Topic 18: Distribution Classification

🔥 For interviews, read these first:

  • DISTRIBUTIONS_DEEP_DIVE.md — frontier-lab deep dive: which distribution to use for which data type, exponential family unification, GLMs and canonical links, heavy-tailed distributions, common pitfalls.
  • INTERVIEW_GRILL.md — 60 active-recall questions.

What You'll Learn

This topic teaches you:

  • Given a number, determine which distribution it came from
  • Likelihood ratio test
  • Maximum likelihood estimation
  • Simple classification methods

Why We Need This

Interview Importance

  • Common question: "Given data, which distribution?"
  • Statistical reasoning: Shows statistical knowledge
  • Problem-solving: Practical ML skill

Real-World Application

  • Data analysis: Understand data distribution
  • Model selection: Choose right distribution
  • Anomaly detection: Identify outliers

Core Intuition

This is a probabilistic classification problem.

You have:

  • two candidate data-generating sources
  • one new observation

You want to know which source makes that observation more plausible.

That is why likelihood or posterior comparison is the right mental model, not just mean comparison.

Why Means Are Not Enough

Two distributions can have:

  • the same mean
  • different variances
  • different tail behavior

A point can be closer to one mean but still more likely under another density.

Problem Statement

Question: You have 2 lists from 2 distributions.

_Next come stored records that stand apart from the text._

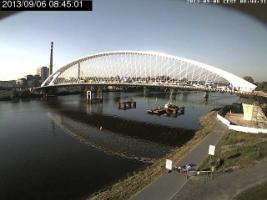 084501_472219546.jpg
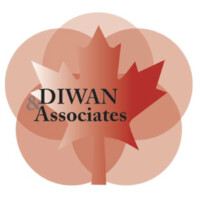 DIWAN and Associates logo - Similar company to Qwin Consultancy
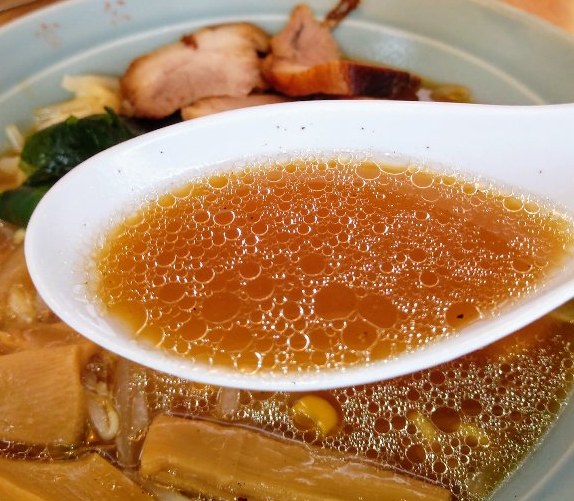 f:id:toyamayama:20200916090949j:plain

You get a new number. How do you determine which distribution it belongs to?

Short Answer: Use a generative classifier.

That means:

  1. estimate each distribution from its samples
  2. compute how likely the new value is under each distribution
  3. include class priors if one distribution is more common
  4. choose the distribution with the larger posterior score

In symbols:

choose dist1 if p(x | dist1) * P(dist1) > p(x | dist2) * P(dist2)

This is the cleanest interview answer because it shows:

  • probabilistic reasoning
  • awareness of assumptions
  • understanding of priors

Technical Details Interviewers Often Want

Likelihood vs Posterior

If priors are equal, likelihood comparison is enough.

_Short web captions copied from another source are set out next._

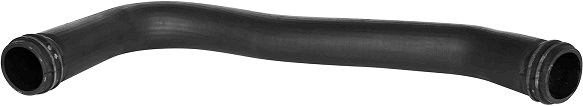 CM 33324 - TURBO HORTUMU - UZUN 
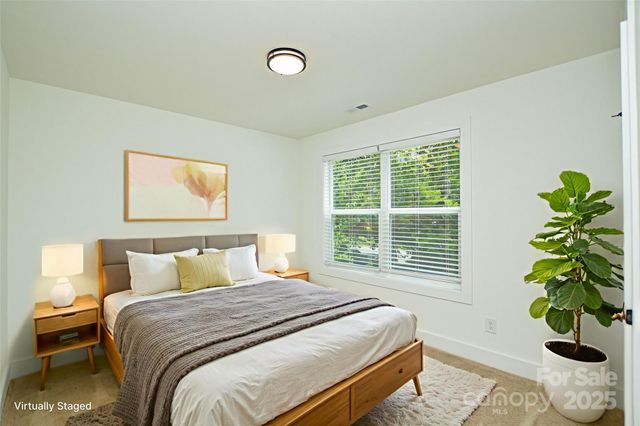 613 Elm Street, Mount Holly, NC 28120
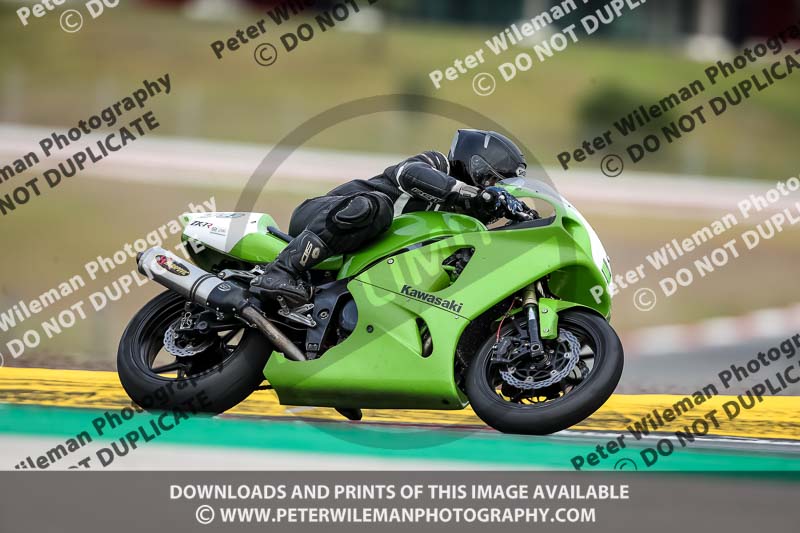 motorbikes;no limits;october 2019;peter wileman photography;portimao;portugal;trackday digital images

If priors differ, posterior comparison is more correct.

Parametric vs Nonparametric

Parametric:

  • assume a family like Gaussian
  • estimate a few parameters

Nonparametric:

  • estimate the density more flexibly with KDE or related methods

How to Answer This in an Interview

Say it in this order:

Case 1: If I Am Comfortable Assuming a Distribution Family

If I assume both arrays come from Gaussians:

  • fit mean and variance for each array
  • compute Gaussian density of the new value under each fitted distribution
  • if priors are equal, choose the larger likelihood
  • if priors differ, choose the larger posterior score

Case 2: If I Do Not Want a Parametric Assumption

If I do not want to assume Gaussian:

  • estimate density nonparametrically with KDE
  • or use a simple nearest-neighbor density intuition in 1D
  • then compare the estimated densities

Case 3: If the Distributions Overlap Heavily

Then classification may be ambiguous.

In that case, report:

  • predicted class
  • posterior/confidence
  • the fact that the point lies in an overlapping region

This is a stronger answer than pretending every point can be classified confidently.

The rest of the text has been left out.